Computer 18 includes application 40, MFP driver 42, printer driver 44, and scanner driver 46. Application 40 represents generally any computer program capable of utilizing one or more functions provided by MFP 12, printer 14, and/or scanner 16. For example, application 40 may be a word processor capable of sending printing instructions. Application 40 may be a graphics editing program capable of both sending printing instructions and scanning instructions.
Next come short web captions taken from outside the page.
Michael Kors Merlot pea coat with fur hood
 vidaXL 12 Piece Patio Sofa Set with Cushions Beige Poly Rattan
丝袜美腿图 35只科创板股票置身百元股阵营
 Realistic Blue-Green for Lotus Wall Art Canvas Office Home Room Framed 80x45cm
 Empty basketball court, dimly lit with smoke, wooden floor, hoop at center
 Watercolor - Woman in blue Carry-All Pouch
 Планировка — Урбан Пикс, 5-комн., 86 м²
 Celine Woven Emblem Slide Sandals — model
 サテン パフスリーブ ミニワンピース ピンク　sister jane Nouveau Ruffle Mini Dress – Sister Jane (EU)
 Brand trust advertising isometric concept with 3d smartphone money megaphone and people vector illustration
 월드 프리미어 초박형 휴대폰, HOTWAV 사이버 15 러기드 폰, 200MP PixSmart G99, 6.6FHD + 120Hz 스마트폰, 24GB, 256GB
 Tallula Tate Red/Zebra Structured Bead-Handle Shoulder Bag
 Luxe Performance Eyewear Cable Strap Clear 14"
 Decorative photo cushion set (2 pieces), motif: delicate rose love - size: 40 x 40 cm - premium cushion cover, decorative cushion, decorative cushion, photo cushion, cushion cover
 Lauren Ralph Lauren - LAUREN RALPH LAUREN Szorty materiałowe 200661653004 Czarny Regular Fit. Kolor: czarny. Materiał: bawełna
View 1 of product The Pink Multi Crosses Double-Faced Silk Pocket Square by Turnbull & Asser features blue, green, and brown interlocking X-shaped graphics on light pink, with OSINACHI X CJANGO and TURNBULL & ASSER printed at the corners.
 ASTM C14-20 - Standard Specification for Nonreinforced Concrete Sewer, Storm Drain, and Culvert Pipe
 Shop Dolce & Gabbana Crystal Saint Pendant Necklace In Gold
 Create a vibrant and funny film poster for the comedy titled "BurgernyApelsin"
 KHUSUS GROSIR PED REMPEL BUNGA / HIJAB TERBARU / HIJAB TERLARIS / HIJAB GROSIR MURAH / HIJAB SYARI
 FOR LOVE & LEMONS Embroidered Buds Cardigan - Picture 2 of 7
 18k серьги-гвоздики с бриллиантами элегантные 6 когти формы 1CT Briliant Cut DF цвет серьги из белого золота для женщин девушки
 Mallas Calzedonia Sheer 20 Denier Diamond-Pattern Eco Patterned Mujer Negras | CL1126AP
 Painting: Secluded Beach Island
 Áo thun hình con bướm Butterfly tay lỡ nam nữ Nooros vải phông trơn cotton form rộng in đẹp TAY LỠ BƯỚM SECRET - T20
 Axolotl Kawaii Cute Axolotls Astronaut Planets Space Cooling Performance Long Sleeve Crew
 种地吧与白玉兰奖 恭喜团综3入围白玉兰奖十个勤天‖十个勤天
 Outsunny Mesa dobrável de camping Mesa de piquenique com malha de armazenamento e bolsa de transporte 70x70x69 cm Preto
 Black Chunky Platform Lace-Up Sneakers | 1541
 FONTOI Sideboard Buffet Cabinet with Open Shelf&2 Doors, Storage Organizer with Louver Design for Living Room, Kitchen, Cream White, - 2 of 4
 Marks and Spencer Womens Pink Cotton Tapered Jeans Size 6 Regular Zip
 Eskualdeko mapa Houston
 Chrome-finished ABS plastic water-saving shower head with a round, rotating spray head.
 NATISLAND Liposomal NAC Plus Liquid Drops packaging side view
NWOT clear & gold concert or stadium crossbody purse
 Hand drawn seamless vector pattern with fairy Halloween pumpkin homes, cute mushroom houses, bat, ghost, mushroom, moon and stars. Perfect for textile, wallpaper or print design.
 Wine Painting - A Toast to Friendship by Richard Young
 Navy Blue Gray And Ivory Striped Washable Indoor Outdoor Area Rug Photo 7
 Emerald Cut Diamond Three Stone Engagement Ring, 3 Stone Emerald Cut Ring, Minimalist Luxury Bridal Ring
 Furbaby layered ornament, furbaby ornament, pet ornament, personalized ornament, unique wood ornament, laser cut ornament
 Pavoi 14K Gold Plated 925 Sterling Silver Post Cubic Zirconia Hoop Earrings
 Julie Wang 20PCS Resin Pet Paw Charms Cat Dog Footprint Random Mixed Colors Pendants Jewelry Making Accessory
In general, a driver is a program responsible for translating generic instructions received from application 40 into device specific instructions capable of being processed by a particular device. MFP driver 42 represents a program capable translating instructions received from application 40 into device specific instructions for MFP 12. Printer driver 44 represents a program capable translating instructions received from application 40 into device specific instructions for printer 14. Scanner driver 46 represents a program capable translating instructions received from application 40 into device specific instructions for scanner 16.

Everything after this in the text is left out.